Christen im Kampf gegen den Islamischen Staat
Chri­sten im Kampf gegen den Isla­mi­schen Staat

„Wir sind klein an Zahl, aber groß an Glau­ben“, erklärt Oberst­leut­nant Odi­cho. Sei­nen Rang hat­te er in der Ira­ki­schen Armee erhal­ten. Nun habe er sich selbst wie­der mobi­li­siert. „Wir müs­sen unse­re Fami­li­en schüt­zen“, sagt auch er. „Ich war Sol­dat. Wie kann ich zuse­hen, wenn mei­ne Brü­der getö­tet wer­den und mei­ne Fami­lie bedroht wird?“ Unter den im ira­kisch-syri­schen Raum ope­rie­ren­den Kampf­ver­bän­den, gehört Dwekh Naw­sha zu den klei­ne­ren. Woher sie die Waf­fen haben? Aus den Bestän­den der Ira­ki­schen Armee. Wo sich die Armee auf­ge­löst oder zurück­ge­zo­gen hat, habe man Waf­fen­kam­mern über­nom­men. Es feh­le an schwe­ren Waf­fen. An Bewaff­nung sei man dem Isla­mi­schen Staat (IS) unter­le­gen. Inzwi­schen bestehen aber Kon­tak­te in den Liba­non. Die maro­ni­ti­schen Chri­sten, eben­falls mit Rom uniert, haben leid­vol­le Erfah­rung im bewaff­ne­ten Kampf gemacht, als die PLO in den 70er Jah­ren die Macht im ein­zi­gen christ­li­chen Staat des Nahen Ostens über­neh­men woll­te. Die Fol­ge war ein fünf­zehn Jah­re dau­ern­der Bür­ger­krieg, der das Land an den Rand des Ruins führte.

Die 1977 gegrün­de­te christ­li­che Miliz Forces Liba­nai­ses (FL), seit 1990 eine poli­ti­sche Par­tei, hat die Unter­stüt­zung von Dwekh Naw­sha zuge­si­chert. Die FL gaben bekannt, jede christ­li­che Grup­pe zu unter­stüt­zen, die den Kampf gegen die Dschi­ha­di­sten auf­nimmt. Im ver­gan­ge­nen Som­mer unter­nahm der Isla­mi­sche Staat (IS) von Syri­en aus eini­ge Ope­ra­tio­nen im Liba­non und erober­te den grenz­na­hen Raum zu den von Isra­el annek­tier­ten Golan-Höhen, aus dem er die UNO-Blau­hel­me vertrieb.

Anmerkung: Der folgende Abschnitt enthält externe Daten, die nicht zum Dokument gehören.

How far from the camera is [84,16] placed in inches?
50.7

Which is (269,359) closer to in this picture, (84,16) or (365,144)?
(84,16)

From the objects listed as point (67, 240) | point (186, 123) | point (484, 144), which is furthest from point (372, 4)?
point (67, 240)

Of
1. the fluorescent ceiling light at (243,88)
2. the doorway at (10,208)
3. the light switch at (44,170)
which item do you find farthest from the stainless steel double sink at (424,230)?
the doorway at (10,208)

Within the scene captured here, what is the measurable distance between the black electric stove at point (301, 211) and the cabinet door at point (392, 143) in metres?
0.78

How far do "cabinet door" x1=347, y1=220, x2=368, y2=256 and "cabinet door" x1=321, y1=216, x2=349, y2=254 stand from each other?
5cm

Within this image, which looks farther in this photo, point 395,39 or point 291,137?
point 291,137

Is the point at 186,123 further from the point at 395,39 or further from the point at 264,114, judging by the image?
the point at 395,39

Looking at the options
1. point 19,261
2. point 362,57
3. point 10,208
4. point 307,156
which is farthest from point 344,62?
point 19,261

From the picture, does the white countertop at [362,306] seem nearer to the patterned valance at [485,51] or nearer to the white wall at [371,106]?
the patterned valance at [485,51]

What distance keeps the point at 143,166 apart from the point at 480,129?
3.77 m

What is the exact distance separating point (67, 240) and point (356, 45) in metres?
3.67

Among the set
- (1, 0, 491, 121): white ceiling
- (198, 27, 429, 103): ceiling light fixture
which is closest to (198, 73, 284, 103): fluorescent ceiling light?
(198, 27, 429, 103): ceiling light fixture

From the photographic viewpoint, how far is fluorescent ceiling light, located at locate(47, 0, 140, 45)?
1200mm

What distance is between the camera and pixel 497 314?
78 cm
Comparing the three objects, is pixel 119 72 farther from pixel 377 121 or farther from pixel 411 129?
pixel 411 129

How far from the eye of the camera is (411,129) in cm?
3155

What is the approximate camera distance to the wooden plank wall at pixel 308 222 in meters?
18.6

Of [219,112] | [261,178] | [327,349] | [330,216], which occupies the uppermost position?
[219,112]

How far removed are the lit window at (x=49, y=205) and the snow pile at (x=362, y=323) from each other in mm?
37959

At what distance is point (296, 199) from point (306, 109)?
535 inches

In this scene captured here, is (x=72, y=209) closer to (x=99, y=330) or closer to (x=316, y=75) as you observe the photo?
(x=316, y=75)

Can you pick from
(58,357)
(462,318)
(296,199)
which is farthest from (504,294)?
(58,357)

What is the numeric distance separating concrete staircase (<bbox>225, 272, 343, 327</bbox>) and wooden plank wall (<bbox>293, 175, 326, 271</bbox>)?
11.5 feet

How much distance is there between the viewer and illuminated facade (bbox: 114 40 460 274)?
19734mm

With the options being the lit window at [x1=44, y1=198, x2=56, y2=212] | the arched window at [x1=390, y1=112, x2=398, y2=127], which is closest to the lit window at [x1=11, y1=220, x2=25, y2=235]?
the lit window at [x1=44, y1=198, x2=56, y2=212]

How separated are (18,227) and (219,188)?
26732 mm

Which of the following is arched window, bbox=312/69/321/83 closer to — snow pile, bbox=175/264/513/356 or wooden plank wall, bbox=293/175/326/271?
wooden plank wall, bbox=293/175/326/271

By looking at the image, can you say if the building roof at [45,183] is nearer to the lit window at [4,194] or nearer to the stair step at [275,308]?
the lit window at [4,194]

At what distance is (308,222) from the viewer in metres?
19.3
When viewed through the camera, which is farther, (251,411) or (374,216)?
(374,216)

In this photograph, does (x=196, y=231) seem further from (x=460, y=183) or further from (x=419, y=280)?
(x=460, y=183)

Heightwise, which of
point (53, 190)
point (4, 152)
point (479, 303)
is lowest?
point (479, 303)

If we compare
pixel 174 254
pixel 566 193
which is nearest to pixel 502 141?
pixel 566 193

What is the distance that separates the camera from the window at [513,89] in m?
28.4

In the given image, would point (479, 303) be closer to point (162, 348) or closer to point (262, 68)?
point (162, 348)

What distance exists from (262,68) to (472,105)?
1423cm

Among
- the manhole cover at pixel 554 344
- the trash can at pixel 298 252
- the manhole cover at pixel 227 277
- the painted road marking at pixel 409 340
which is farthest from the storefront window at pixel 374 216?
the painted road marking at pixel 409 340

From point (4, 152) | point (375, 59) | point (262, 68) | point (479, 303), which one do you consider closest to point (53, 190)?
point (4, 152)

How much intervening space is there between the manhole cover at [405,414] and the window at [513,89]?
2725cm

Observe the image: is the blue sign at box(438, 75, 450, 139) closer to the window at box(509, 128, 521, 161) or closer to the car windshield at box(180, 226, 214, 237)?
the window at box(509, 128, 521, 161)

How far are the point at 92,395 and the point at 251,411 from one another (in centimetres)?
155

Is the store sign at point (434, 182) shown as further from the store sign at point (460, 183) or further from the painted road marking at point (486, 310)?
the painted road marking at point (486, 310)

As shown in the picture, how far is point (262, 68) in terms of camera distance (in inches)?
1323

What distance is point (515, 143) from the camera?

„Kurden vertreten nicht Interessen der Christen“

Christliche Hochzeit von Milizionären gesichert
Christ­li­che Hoch­zeit von Mili­zio­nä­ren gesichert

Die west­li­che Diplo­ma­tie mit ihrem ver­wor­re­nen Ver­bün­de­ten­kreis im Nahen Osten setzt unter­des­sen auf die Kur­den. Sie wer­den als Anti-IS-Front auf­ge­baut. Die Chri­sten sehen sich ein wei­te­res Mal von den „christ­li­chen“ Staa­ten im Stich gelas­sen. Die Kur­den hät­ten ihre Inter­es­sen und das sei­en nicht jene der Chri­sten, heißt es bei Dwekh Naw­sha. Im Westen sage man zwar, die Kur­den wür­den die Chri­sten beschüt­zen, doch das stim­me so nicht. Es gebe zwar gele­gent­li­che Zusam­men­ar­beit, aber in Wirk­lich­keit haben auch die Kur­den die Chri­sten der Nini­ve-Ebe­ne im Stich gelas­sen und ihrem Schick­sal über­las­sen wie der Westen.

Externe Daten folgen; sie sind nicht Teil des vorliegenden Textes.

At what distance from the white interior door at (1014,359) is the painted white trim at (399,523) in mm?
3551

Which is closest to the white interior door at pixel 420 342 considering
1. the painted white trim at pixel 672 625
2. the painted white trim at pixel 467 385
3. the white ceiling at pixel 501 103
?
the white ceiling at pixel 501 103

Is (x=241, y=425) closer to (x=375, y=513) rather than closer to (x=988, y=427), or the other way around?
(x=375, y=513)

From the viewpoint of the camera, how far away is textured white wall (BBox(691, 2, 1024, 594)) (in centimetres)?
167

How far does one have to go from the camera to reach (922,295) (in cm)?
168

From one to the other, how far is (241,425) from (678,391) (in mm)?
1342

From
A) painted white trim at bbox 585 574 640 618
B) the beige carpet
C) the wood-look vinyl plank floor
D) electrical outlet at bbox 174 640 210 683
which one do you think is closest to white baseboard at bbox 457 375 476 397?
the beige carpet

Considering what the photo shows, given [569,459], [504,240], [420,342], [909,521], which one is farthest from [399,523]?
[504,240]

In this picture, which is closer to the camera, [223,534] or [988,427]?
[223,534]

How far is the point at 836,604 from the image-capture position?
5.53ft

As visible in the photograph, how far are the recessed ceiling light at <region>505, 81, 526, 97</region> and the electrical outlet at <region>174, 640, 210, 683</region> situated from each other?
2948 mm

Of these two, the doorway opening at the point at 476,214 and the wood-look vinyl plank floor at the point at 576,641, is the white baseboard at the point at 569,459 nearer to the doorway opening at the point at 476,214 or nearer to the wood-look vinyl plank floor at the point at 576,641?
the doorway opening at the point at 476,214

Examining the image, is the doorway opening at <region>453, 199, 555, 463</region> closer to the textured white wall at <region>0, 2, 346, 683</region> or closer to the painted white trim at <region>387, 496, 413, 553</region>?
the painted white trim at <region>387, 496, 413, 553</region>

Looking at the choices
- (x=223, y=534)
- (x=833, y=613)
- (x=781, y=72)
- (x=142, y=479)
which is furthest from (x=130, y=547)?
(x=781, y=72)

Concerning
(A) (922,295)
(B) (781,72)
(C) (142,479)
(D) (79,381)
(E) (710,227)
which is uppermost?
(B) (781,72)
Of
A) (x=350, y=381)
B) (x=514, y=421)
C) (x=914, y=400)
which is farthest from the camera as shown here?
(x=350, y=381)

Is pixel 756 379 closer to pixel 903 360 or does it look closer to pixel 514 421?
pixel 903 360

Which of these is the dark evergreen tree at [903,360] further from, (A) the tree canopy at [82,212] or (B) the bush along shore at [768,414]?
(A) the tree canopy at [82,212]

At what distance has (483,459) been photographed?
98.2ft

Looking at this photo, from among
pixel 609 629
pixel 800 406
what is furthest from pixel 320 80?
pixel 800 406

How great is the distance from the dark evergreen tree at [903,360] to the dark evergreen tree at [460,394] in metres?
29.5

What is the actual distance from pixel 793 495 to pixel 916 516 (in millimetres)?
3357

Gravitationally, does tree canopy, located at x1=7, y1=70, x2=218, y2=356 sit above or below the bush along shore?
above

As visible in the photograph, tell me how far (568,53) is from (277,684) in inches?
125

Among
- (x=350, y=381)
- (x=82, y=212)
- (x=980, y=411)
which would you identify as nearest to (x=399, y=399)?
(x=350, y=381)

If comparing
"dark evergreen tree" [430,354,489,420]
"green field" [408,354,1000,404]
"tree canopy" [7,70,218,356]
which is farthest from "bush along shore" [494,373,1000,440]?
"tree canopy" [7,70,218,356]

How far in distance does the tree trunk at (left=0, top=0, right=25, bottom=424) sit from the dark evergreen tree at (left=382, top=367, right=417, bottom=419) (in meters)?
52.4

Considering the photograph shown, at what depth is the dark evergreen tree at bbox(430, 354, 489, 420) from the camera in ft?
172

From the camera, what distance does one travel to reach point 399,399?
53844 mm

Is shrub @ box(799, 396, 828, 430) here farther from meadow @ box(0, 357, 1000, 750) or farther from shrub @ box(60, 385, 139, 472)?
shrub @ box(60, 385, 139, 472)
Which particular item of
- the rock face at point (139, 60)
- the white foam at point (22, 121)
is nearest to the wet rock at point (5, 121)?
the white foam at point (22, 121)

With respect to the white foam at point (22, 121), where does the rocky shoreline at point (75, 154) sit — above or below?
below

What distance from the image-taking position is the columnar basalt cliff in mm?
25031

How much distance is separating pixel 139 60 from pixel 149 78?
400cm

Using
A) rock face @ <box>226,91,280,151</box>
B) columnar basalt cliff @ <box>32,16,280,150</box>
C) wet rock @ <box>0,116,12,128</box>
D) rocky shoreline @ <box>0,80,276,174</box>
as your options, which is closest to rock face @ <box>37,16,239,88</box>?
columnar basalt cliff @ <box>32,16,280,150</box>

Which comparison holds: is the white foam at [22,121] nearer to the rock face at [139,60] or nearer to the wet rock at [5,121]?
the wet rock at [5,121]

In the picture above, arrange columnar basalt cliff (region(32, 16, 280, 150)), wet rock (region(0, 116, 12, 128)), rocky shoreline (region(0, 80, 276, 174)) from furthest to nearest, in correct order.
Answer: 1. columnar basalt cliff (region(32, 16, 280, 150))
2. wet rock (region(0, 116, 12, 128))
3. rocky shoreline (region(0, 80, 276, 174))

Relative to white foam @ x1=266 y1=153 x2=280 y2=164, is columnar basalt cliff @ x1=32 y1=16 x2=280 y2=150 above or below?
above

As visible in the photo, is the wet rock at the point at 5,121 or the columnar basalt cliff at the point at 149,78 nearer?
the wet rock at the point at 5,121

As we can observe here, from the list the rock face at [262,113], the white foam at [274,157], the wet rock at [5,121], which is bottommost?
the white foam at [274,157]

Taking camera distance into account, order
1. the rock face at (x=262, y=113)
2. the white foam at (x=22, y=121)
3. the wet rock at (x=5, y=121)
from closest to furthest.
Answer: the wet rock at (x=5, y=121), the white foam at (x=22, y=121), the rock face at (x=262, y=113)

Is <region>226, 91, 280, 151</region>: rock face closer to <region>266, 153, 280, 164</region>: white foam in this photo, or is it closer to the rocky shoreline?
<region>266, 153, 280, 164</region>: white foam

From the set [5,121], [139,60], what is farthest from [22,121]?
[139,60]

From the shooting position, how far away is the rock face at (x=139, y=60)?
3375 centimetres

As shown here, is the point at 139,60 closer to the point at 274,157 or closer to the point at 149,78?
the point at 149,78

Verhinderte und nicht verhinderte Waffenlieferungen

Dwekh Naw­sha ver­sucht über den Liba­non an Waf­fen zu kom­men. Ein schwie­ri­ges Unter­fan­gen. Wenn der Westen Waf­fen­lie­fe­run­gen unter­bin­den will, hat er Mit­tel und Wege. Das muß­ten bereits die Kroa­ten wäh­rend des Kroa­ti­en- und Bos­ni­en­krie­ges 1991–1995 erle­ben. Die christ­li­chen liba­ne­si­schen Mili­zen hat­ten im Zuge der Abrü­stungs­be­stim­mun­gen ihre schwe­ren Waf­fen abzu­lie­fern und woll­ten die­se den kroa­ti­schen Katho­li­ken zukom­men las­sen, die man­gels Waf­fen den ser­bi­schen Ver­bän­den anfangs aus­ge­lie­fert waren. Ser­bi­en konn­te sich auf Bestän­de und Struk­tu­ren der 1992 auf­ge­lö­sten Jugo­sla­wi­schen Volks­ar­mee stüt­zen. West­li­che Kriegs­schif­fe stopp­ten damals die liba­ne­si­schen Lie­fe­run­gen im Mit­tel­meer, weil man am jugo­sla­wi­schen Kunst­staat fest­hal­ten woll­te. Umge­kehrt ver­hin­dert der­sel­be Westen nicht die Waf­fen­lie­fe­run­gen an den Isla­mi­schen Staat (IS).